◆ DATA EXTRACT:
────────────────

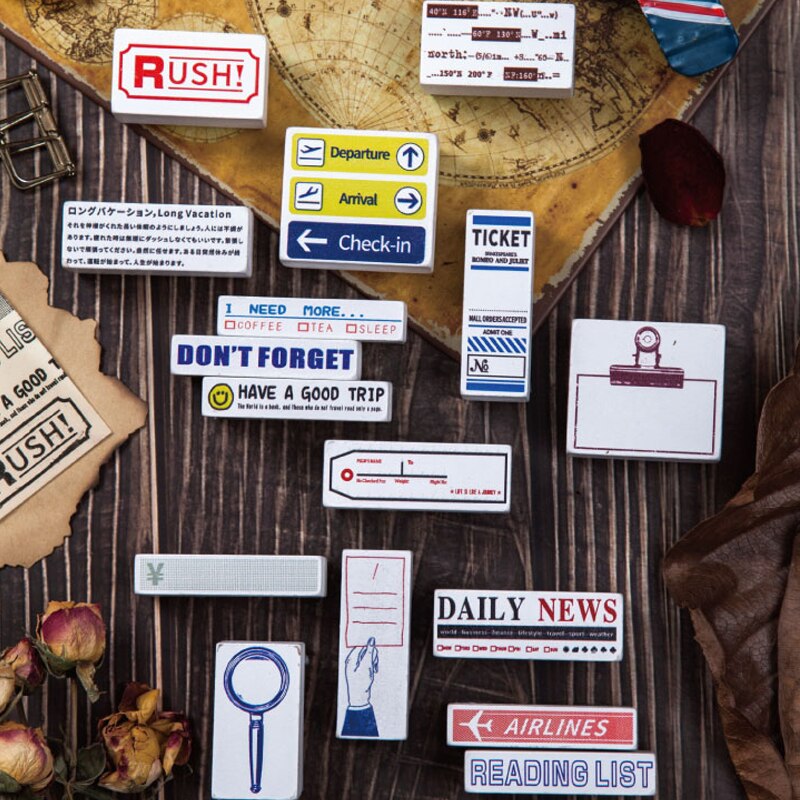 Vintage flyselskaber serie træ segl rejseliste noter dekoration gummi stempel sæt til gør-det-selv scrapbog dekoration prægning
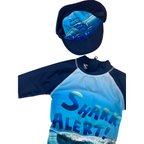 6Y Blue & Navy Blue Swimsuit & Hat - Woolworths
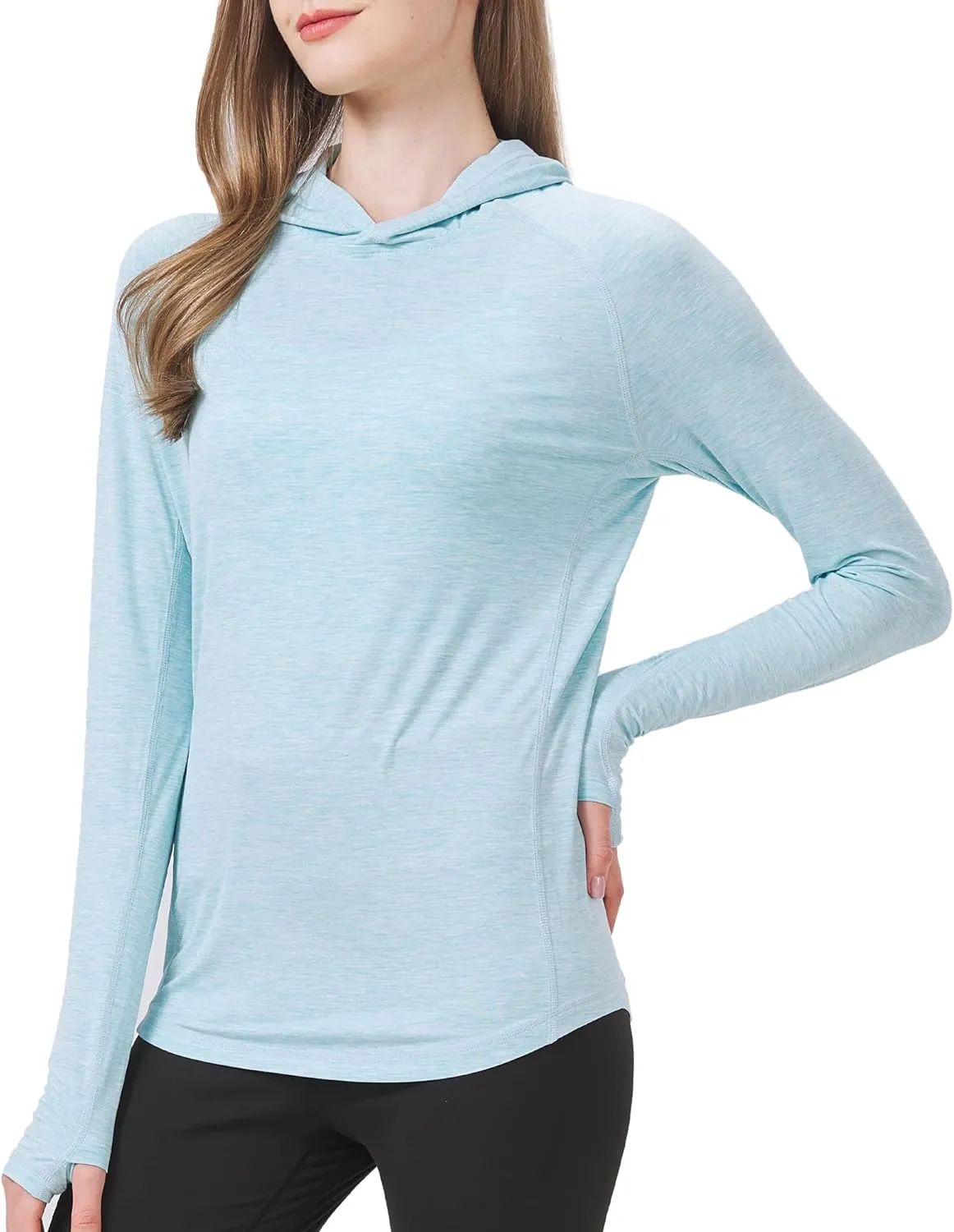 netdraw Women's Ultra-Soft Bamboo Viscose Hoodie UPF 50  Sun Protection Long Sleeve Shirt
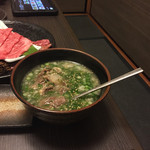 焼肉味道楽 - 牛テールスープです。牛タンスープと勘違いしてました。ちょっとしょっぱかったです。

────────────────

◆ TASK DIRECTIONS:
Please keep every line of the data the same when you reproduce it, and keep every picture out.

◆ RESULT OF THE EXERCISE:
 Vintage flyselskaber serie træ segl rejseliste noter dekoration gummi stempel sæt til gør-det-selv scrapbog dekoration prægning
 6Y Blue & Navy Blue Swimsuit & Hat - Woolworths
 netdraw Women's Ultra-Soft Bamboo Viscose Hoodie UPF 50  Sun Protection Long Sleeve Shirt
 焼肉味道楽 - 牛テールスープです。牛タンスープと勘違いしてました。ちょっとしょっぱかったです。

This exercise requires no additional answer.